Maybe your image exists in Google Street View already: blurred and frozen in time. "We call them echoes," says the mysterious woman in Escape the Map, the interactive video produced by Mercedes-Benz. She warns that "time works differently here" — you might find an image of yourself from four days or four years ago… but "relax."
In the film, you are navigating a vehicle through a representation of Hong Kong on Google Street View. The woman — Marie — has just removed a mask that disguised her to look like the other blurry-face people outside. Now she sits in the passenger seat, offering instructions to "escape the map." You risk getting captured by the camera, which will turn you into one of the hopeless blurred people on the streets — faceless and trapped in motion like the victims of Pompeii. Google Street View is never named, but director Carl Erik Rinsch (soon to make his feature film debut with 47 Ronin) exploits all its familiar quirks. A character appears badly rendered and you instructed to "put him together" to advance. Giant red pins that look like Google Map markers come crashing from the sky.

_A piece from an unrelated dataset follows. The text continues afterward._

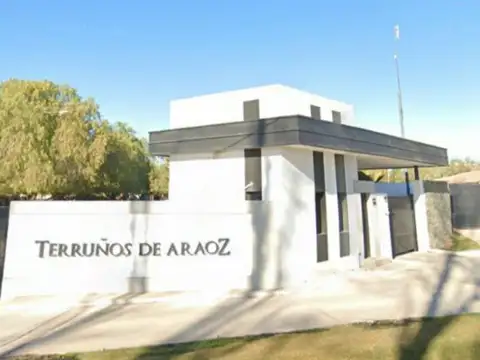 Terruños de Araoz I - Chalet Parquizado - Vendo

Google Street View could be a geospatial corollary to the Uncanny Valley hypothesis (which suggests that as artificial life grows more lifelike, it also seems eerier, more "uncanny"). In the Mercedes-Benz making-of video, the team explains how they mimicked Street View's aggressive navigation and used green screens to replicate its world. Interestingly, they point out the final touch was to "recreate the harsh midday light of the application." How ironic that advanced technology was employed to create the appearance of sunshine in Google Street View. It is unreality presented on a computer screen as the world outside our window.